(What is needed)
Copy the listing exactly, leaving out every picture.

*** Material for this exercise Section Begins ***

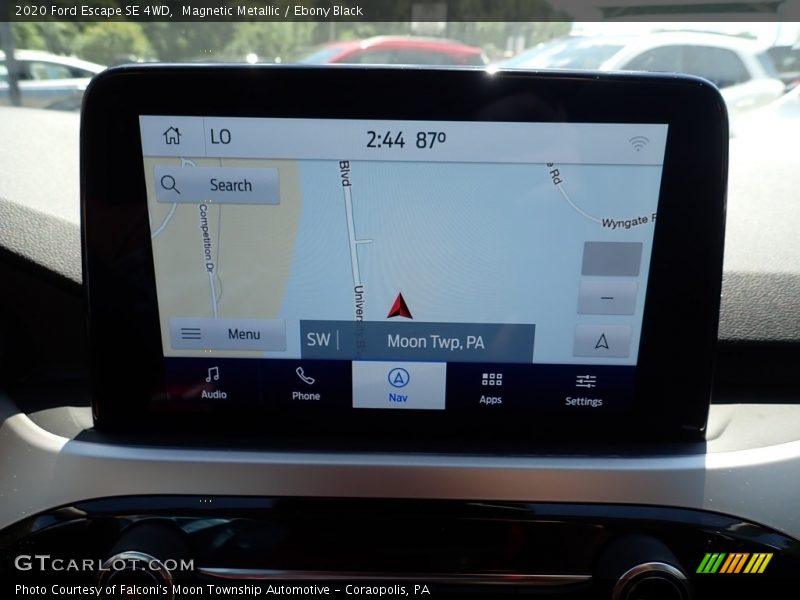 Magnetic Metallic / Ebony Black 2020 Ford Escape SE 4WD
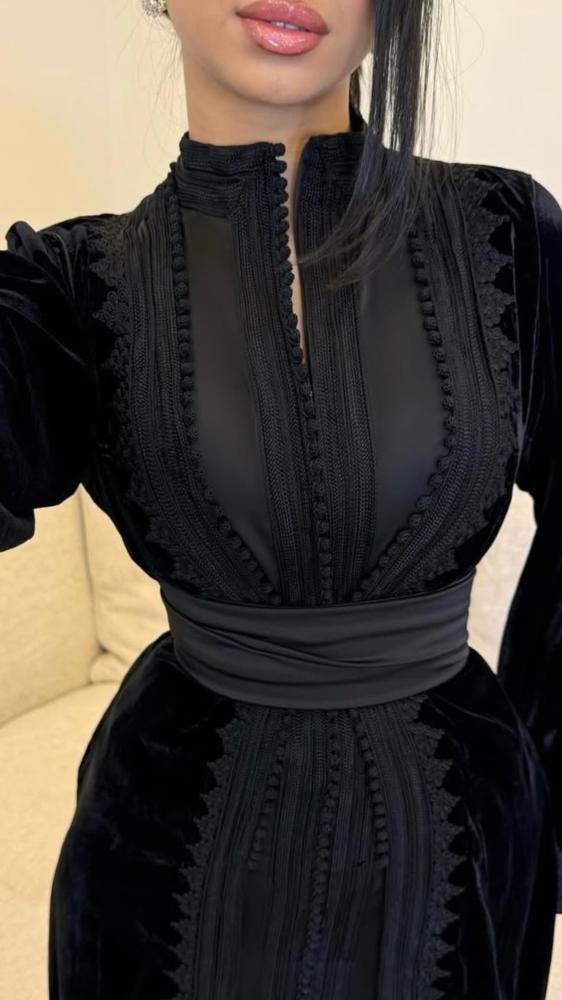 قفطان مخمل تطريز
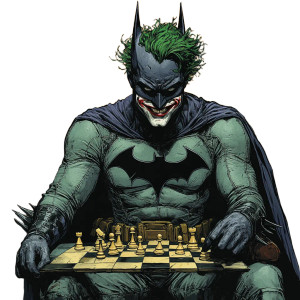 Batman Joker Chess Door Vinyl Car Decal Sticker – Waterproof & UV-Resistant 4.0"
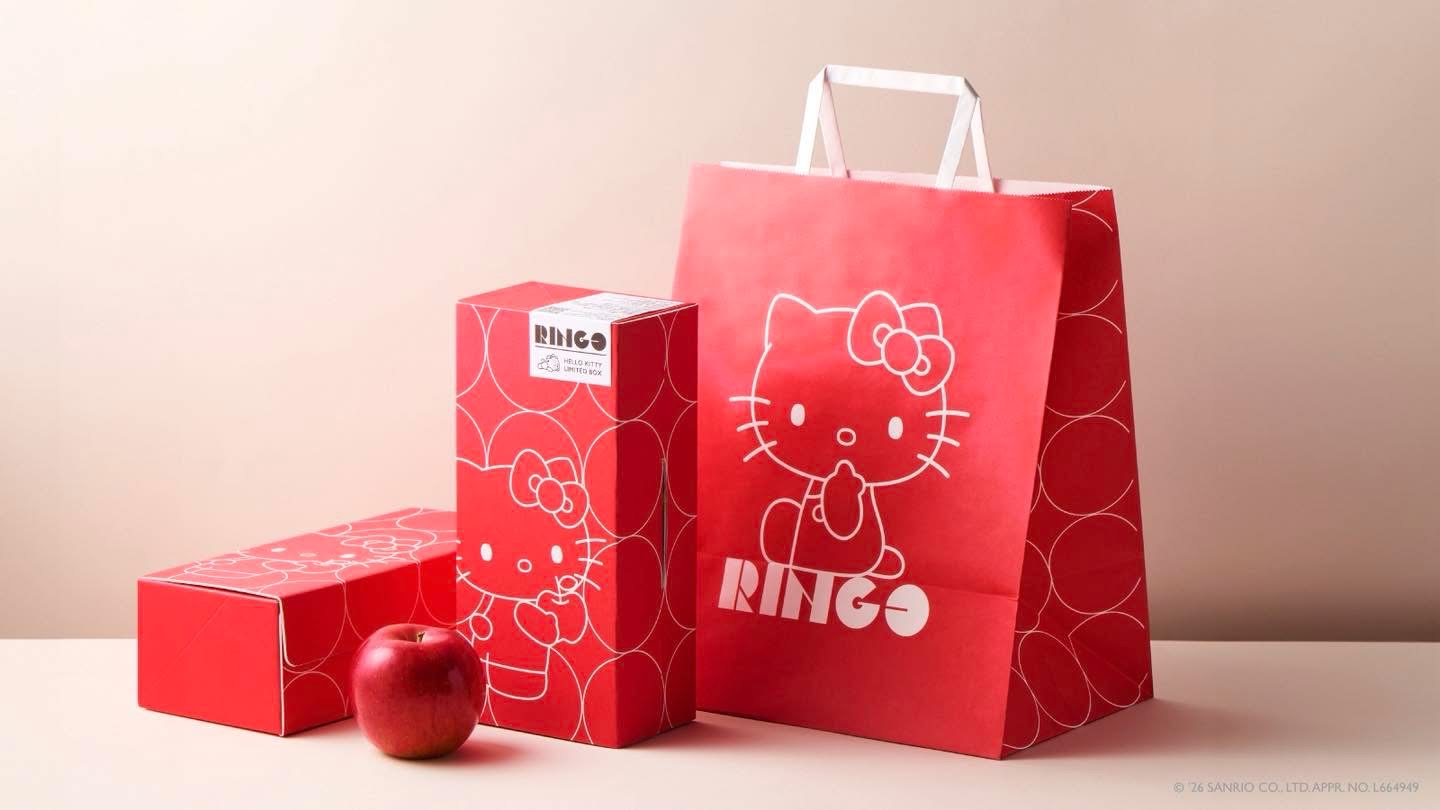 日本直送限定版RINGO×Hello Kitty費雪南蛋糕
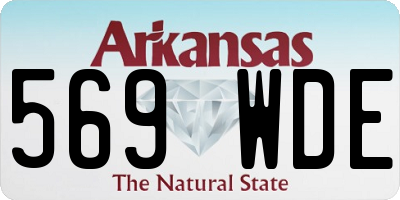 AR license plate 569WDE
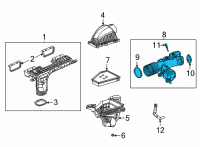 OEM Jeep Grand Cherokee L Duct-Air Cleaner Diagram - 68376821AB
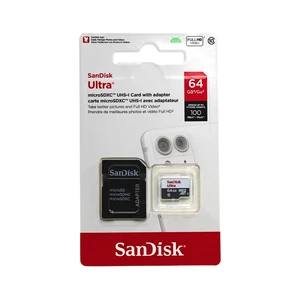 SanDisk Ultra SDSQUNS-064G-GN3MN 64GB 80MB/s UHS-I Class 10 microSDXC Card SanDisk Ultra SDSQUNS-064G-GN3MN 64GB 80MB/s UHS-I Class 10 microSDXC Card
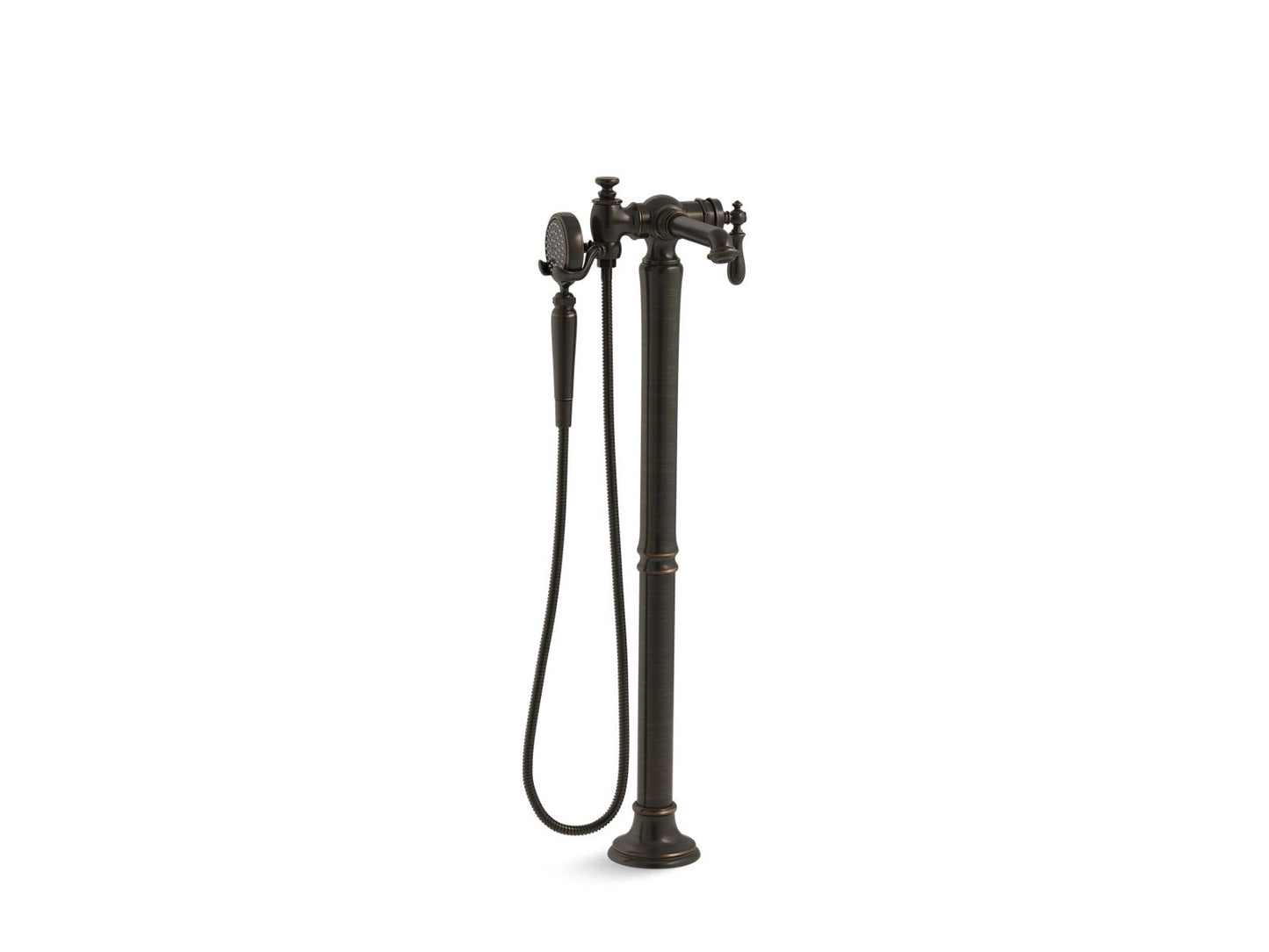 KOHLER K-T72790-9M Artifacts Floor-mount bath filler trim with handshower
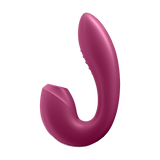 Wibrator z bezdotykowym stymulatorem łechtaczki Satisfyer Sunray Connect App Berry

*** Material for this exercise Section Ends ***

(Answer for this exercise)
 Magnetic Metallic / Ebony Black 2020 Ford Escape SE 4WD
 قفطان مخمل تطريز
 Batman Joker Chess Door Vinyl Car Decal Sticker – Waterproof & UV-Resistant 4.0"
 日本直送限定版RINGO×Hello Kitty費雪南蛋糕
 AR license plate 569WDE
 OEM Jeep Grand Cherokee L Duct-Air Cleaner Diagram - 68376821AB
 SanDisk Ultra SDSQUNS-064G-GN3MN 64GB 80MB/s UHS-I Class 10 microSDXC Card SanDisk Ultra SDSQUNS-064G-GN3MN 64GB 80MB/s UHS-I Class 10 microSDXC Card
 KOHLER K-T72790-9M Artifacts Floor-mount bath filler trim with handshower
 Wibrator z bezdotykowym stymulatorem łechtaczki Satisfyer Sunray Connect App Berry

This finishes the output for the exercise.